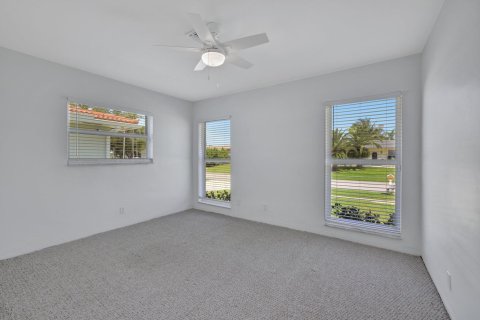 House in Dania Beach, Florida 3 bedrooms, 143.26 sq.m. № 1171392 - photo 23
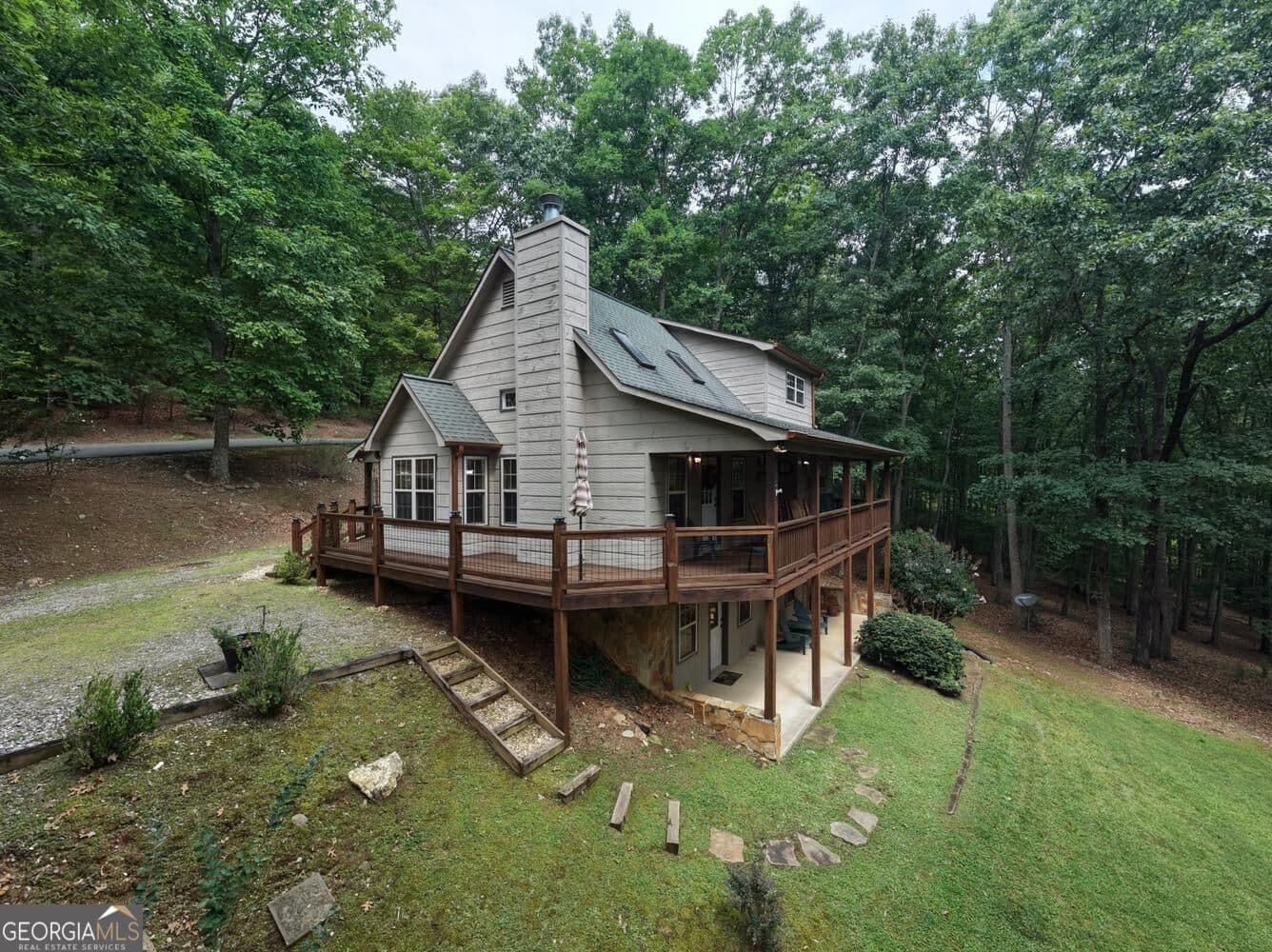 3 bedroom, 3 bathroom, 2,052 sq ft cabin,single family residence for sale at 394 Sheep Stomp Road, Blairsville, GA 30512 — photo 5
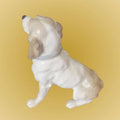 Detalle lateral de figura de porcelana Perro Cocker - Figura Elegante, con acabado brillante y diseño realista para decoración de interiores.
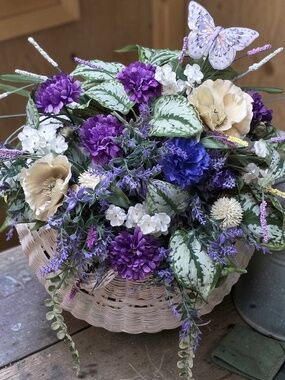 White Wicker Artificial Faux  Floral Door or Wall Hanging Basket For Summer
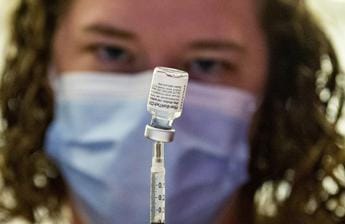 Galleria foto 'Covid, via libera Ema a vaccini aggiornati a Omicron' - foto 1
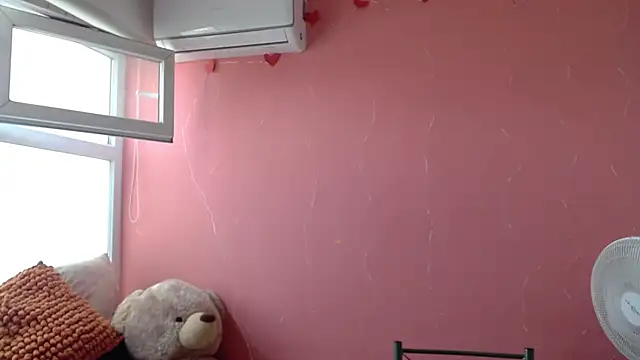 Snapshot of morahaze chatting on February 19, 2025, 5:27 pm morahaze online show from February 19, 2025, 5:27 pm
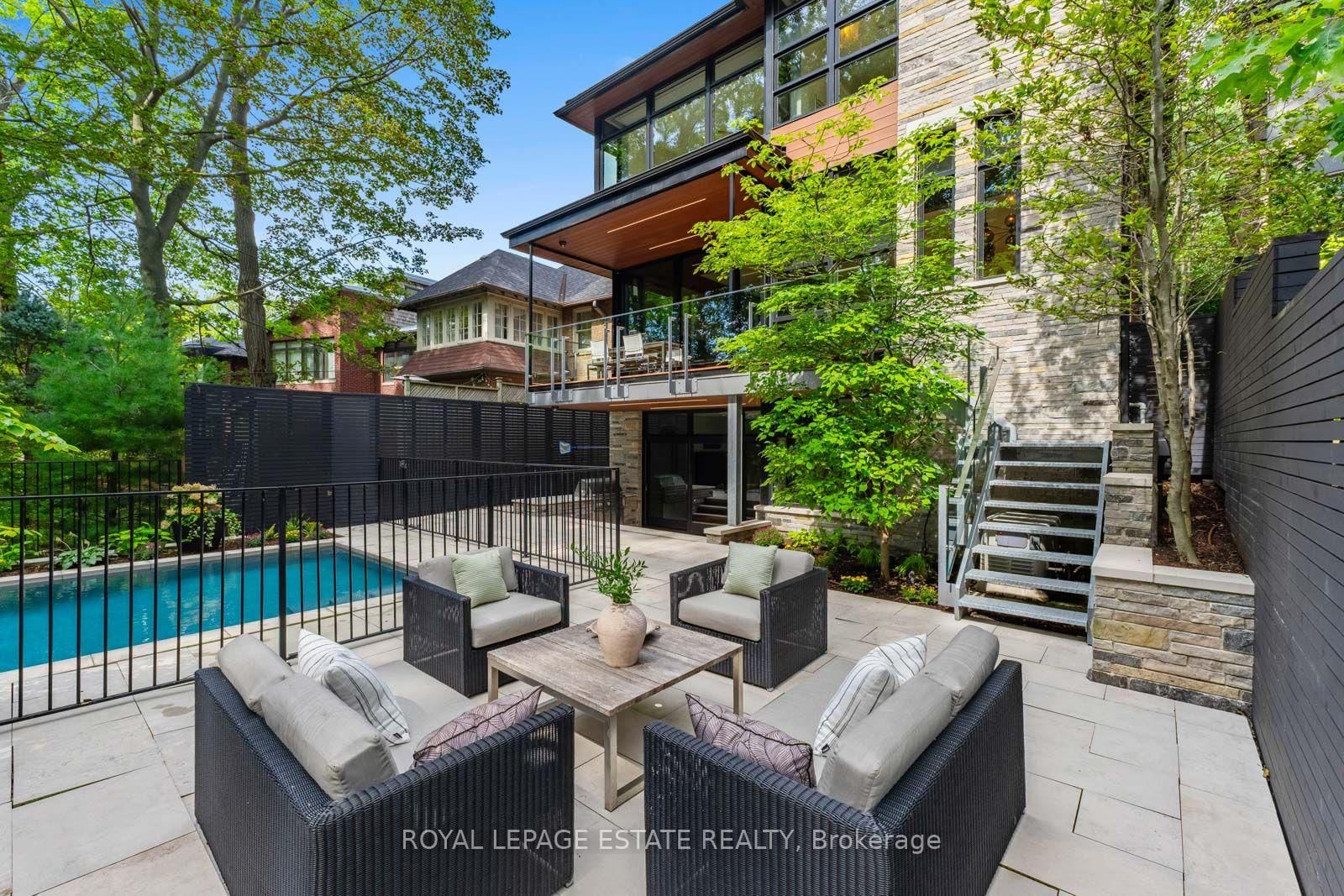 11 Pine Crescent • Toronto, ON photo 45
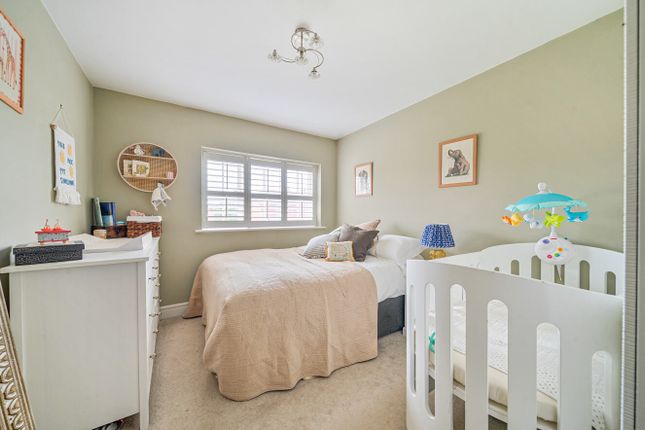 23, Burnham Square, Alton photo 4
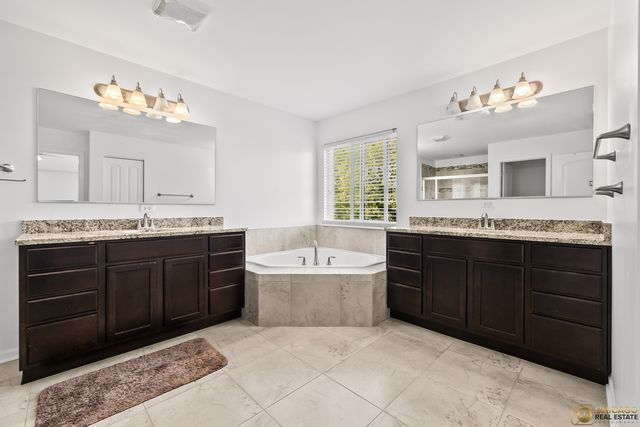 6 Lake Vista Court, Lake Villa, IL 60046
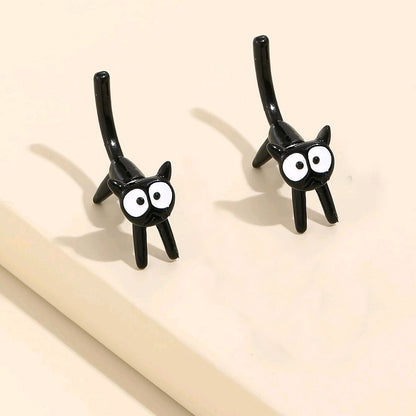 Charming Earring for Any Occasion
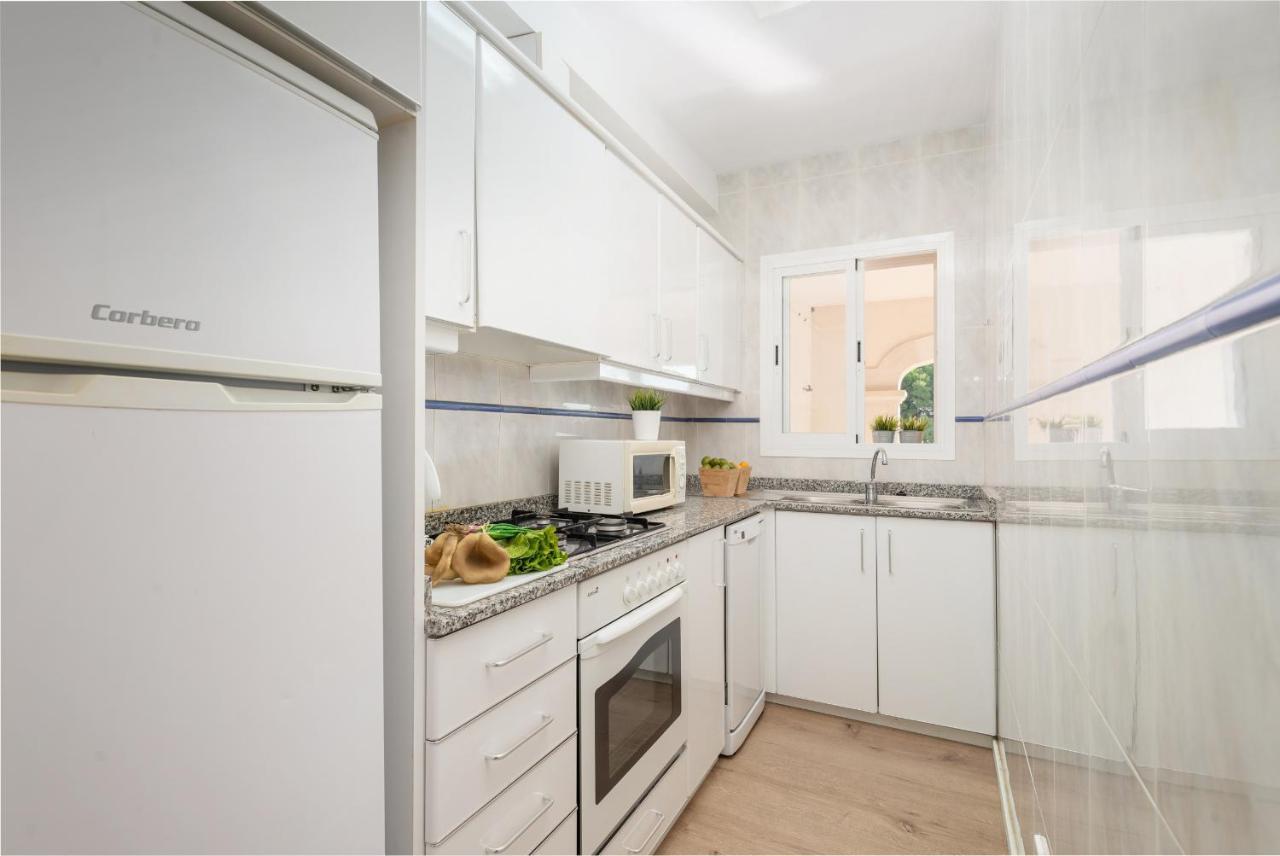 Countess Garden 3-2, Sun Of The Bay 1b, At Appartement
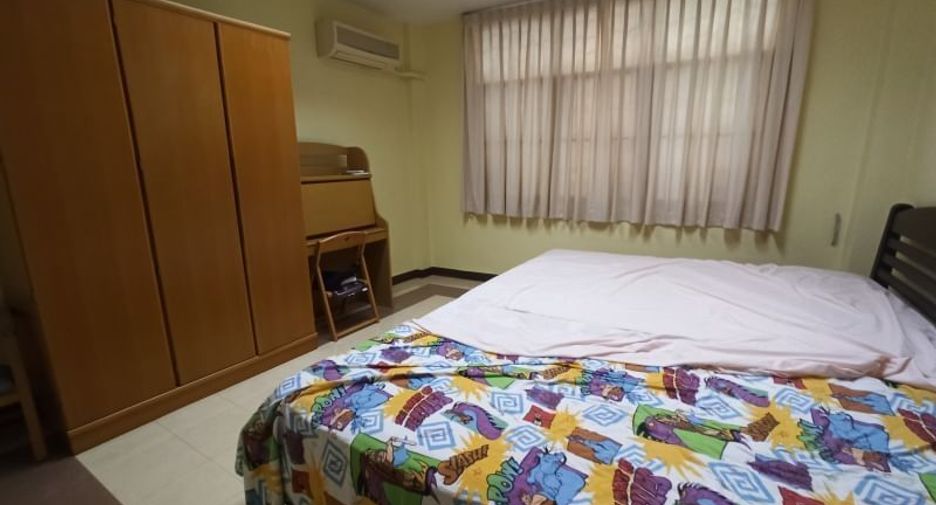 For sale 4 bedrooms retail Space in Bang Kapi, Bangkok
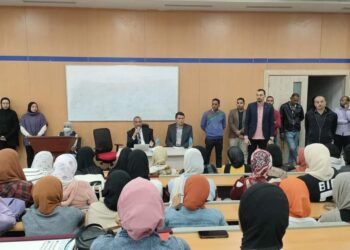 رئيس جامعة طيبة التكنولوجية يعقد لقاء نقاشيا موسعاً مع الطلاب إستعداداً للإمتحانات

**EXERCISE BRIEF:** Only exact copies are wanted here. Write out the lines from the one containing "6 Lake Vista Court, Lake Villa, IL 60046" through the end of the material and no others, omitting all pictures.

**RESULT:**
 6 Lake Vista Court, Lake Villa, IL 60046
 Charming Earring for Any Occasion
 Countess Garden 3-2, Sun Of The Bay 1b, At Appartement
 For sale 4 bedrooms retail Space in Bang Kapi, Bangkok
 رئيس جامعة طيبة التكنولوجية يعقد لقاء نقاشيا موسعاً مع الطلاب إستعداداً للإمتحانات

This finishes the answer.